*How to complete this task*.
Starting with the first line below, reproduce each line exactly until you have included the one bearing "お取り寄せ ハスキー 45".

Short descriptive text snippets

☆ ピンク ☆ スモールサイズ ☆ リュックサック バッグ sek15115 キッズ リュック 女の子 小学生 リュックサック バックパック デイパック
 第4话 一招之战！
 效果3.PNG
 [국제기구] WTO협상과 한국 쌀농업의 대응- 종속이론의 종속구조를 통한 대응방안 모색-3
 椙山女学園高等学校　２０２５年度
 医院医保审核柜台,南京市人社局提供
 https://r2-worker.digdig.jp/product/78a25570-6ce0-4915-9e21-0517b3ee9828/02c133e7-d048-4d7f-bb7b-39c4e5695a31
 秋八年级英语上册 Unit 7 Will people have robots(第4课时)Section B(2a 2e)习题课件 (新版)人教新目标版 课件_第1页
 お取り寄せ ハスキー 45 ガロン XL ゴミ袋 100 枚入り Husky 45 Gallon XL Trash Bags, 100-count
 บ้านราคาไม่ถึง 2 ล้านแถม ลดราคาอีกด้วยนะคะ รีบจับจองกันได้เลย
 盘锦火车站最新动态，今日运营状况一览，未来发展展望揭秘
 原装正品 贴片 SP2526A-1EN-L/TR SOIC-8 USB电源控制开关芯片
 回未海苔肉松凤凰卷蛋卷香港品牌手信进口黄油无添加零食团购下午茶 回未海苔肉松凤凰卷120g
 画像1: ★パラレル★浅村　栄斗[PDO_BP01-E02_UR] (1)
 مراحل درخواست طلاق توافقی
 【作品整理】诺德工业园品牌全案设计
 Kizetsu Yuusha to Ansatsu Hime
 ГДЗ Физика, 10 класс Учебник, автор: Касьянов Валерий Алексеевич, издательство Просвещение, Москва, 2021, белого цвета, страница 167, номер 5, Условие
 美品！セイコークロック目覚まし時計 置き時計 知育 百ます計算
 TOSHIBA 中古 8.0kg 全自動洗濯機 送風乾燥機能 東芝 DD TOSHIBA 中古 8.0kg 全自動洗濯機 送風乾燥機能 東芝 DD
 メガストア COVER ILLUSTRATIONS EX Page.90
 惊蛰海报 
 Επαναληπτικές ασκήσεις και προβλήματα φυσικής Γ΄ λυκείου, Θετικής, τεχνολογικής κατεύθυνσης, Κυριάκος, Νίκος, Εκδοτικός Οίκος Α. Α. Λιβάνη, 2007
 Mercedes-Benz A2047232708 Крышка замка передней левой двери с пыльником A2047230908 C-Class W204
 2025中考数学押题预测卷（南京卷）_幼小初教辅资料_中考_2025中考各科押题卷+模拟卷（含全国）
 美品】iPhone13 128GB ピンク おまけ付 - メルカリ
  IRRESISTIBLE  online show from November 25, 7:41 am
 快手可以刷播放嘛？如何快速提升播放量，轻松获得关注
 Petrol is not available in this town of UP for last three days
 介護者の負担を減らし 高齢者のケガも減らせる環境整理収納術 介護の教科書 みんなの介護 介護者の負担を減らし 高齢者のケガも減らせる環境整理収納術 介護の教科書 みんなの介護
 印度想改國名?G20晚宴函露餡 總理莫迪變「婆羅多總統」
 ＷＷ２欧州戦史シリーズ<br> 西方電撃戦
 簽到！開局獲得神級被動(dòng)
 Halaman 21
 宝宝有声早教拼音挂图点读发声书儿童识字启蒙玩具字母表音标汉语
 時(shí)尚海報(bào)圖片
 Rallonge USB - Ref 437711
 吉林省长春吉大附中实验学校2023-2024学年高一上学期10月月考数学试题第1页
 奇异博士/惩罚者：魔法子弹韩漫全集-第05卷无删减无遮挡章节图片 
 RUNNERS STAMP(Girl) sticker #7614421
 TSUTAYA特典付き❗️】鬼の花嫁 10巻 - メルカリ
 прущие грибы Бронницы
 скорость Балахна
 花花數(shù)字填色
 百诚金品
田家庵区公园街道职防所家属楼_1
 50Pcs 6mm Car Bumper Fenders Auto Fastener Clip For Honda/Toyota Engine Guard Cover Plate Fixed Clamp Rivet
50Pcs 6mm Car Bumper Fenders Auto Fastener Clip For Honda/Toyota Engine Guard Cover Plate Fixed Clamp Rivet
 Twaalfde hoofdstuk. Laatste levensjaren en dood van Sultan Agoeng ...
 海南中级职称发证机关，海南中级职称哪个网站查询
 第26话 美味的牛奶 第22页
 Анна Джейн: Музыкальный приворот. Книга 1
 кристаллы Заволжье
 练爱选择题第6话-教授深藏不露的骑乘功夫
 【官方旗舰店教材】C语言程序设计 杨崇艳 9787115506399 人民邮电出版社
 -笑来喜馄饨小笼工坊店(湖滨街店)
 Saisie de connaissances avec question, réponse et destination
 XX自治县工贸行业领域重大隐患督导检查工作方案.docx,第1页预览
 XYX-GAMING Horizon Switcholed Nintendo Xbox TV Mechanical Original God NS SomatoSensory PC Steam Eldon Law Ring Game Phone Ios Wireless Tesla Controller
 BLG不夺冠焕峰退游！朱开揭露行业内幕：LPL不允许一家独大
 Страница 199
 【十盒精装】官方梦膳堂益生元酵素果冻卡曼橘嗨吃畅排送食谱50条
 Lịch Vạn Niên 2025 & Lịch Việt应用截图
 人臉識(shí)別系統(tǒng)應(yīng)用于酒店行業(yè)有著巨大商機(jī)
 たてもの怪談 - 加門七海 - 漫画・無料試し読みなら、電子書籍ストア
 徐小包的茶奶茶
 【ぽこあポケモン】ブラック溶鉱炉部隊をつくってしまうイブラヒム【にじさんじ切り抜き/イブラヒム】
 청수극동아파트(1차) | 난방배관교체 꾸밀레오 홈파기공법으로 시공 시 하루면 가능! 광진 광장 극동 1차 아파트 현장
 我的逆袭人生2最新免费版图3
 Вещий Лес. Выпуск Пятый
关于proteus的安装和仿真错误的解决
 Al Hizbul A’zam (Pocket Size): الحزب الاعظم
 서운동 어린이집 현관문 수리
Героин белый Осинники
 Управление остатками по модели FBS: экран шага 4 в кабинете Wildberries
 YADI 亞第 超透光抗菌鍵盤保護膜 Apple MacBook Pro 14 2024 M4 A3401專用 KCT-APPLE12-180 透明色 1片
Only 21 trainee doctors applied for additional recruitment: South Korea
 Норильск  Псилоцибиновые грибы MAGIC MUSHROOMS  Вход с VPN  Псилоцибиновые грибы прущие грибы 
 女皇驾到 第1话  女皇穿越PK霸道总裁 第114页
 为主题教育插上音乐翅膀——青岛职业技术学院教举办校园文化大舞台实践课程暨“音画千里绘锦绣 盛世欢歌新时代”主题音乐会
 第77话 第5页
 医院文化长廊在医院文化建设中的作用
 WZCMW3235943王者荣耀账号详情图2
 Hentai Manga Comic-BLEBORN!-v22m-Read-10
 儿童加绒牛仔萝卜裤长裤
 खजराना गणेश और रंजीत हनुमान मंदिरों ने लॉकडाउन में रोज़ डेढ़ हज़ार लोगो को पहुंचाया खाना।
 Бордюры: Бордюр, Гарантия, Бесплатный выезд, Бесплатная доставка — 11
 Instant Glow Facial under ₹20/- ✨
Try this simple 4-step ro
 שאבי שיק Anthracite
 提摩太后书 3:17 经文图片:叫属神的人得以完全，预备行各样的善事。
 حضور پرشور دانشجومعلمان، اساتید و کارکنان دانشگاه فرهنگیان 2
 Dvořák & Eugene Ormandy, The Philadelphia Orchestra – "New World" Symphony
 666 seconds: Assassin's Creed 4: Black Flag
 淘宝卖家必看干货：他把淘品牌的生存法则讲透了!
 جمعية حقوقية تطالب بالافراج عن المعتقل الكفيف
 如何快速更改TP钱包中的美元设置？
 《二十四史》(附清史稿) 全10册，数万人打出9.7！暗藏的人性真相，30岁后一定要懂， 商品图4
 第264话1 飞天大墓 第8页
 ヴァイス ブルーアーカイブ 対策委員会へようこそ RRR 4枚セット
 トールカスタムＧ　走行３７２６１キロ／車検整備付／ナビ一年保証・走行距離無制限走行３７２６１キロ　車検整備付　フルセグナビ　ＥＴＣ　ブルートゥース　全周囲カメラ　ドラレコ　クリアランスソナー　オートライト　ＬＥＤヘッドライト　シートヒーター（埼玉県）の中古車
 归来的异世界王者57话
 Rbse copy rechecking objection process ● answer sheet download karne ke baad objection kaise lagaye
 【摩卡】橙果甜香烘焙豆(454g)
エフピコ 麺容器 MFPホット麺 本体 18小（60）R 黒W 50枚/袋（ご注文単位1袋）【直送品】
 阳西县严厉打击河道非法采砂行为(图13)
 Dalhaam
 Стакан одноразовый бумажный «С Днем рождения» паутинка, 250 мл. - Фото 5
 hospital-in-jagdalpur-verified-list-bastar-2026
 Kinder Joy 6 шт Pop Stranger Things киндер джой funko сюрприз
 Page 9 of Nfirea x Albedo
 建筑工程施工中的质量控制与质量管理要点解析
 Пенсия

*Task response*.
☆ ピンク ☆ スモールサイズ ☆ リュックサック バッグ sek15115 キッズ リュック 女の子 小学生 リュックサック バックパック デイパック
 第4话 一招之战！
 效果3.PNG
 [국제기구] WTO협상과 한국 쌀농업의 대응- 종속이론의 종속구조를 통한 대응방안 모색-3
 椙山女学園高等学校　２０２５年度
 医院医保审核柜台,南京市人社局提供
 https://r2-worker.digdig.jp/product/78a25570-6ce0-4915-9e21-0517b3ee9828/02c133e7-d048-4d7f-bb7b-39c4e5695a31
 秋八年级英语上册 Unit 7 Will people have robots(第4课时)Section B(2a 2e)习题课件 (新版)人教新目标版 课件_第1页
 お取り寄せ ハスキー 45 ガロン XL ゴミ袋 100 枚入り Husky 45 Gallon XL Trash Bags, 100-count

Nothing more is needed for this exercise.